Construction accounts for 16 percent of urban employment. MacroPolo, an in-house think tank of the Paulson Institute, forecasts that a collapse of the construction industry following a property market recession would drive 15 million people out of work. The sudden rise of unemployment would certainly impact social stability. In addition, Chinese banks made 30 percent of their loans to housing construction, and 60 percent of bank loans are backed by property as collateral. Thus, if the property market collapses, China will experience a financial crisis.

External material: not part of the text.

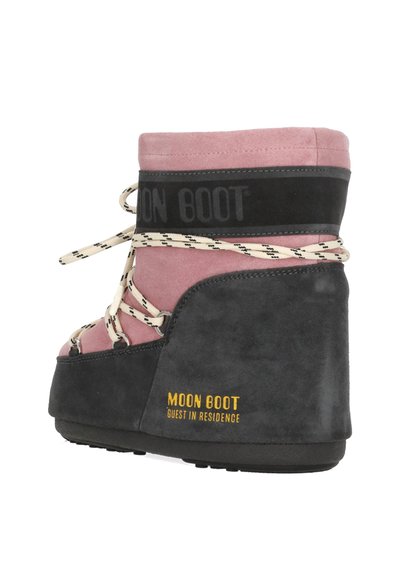 Botte de neige à coupe haute avec tige rose, partie inférieure noire rembourrée, lacets blancs, et étiquette jaune "MOON BOOT Guest in Residence" sur le côté.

Thus, a property tax will conflict with other major social programs and create unintended social instability. It will increase, rather than decrease, social inequality unless accompanied by reform to the hukou (household registration) system. The hukou system institutionally separates city residents from migrant workers, who remain official registered as residents of their rural hometowns. Thus, migrant workers cannot access social welfare programs in the cities, such as pensions, health care, and education for their children. The goal of a property tax is to provide an alternative source to fund social welfare programs so local governments can move away from the traditional land-sale-for-funding scheme. There are 376 million urban migrant workers, and they will become significant contributors to any property tax. Even those who cannot own houses in cities will pay the property tax through higher rents. Without hukou reform, property tax will force these migrant workers to pay for social services they cannot enjoy. It might exacerbate the conflicts between urban incomers and old residents.

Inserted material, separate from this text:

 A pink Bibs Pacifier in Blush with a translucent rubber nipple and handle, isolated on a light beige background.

Xi’s failure to reform the property market illustrates the challenges to his Common Prosperity campaign. Xi views this campaign as necessary to not only improve social equality but also reconstruct the Chinese economy. His primary goal is to rebalance the Chinese economy from the current investment-driven, export-oriented growth toward a more sustainable development model. The campaign is bound to meet resistance from groups with vested interests, who fear the reforms will potentially hurt them. The concern of social stability, which has been a dominant theme of Xi’s administration, will also offset the urge to reform.

Xi once described the current stage of Chinese reform as “cracking the bone after eating meat,” meaning that his predecessors finished the easier parts of the reform and left him the difficult parts. Xi will certainly face tremendous resistance and challenge, just like reformers throughout Chinese history. Whether he can push through that resistance is an open question.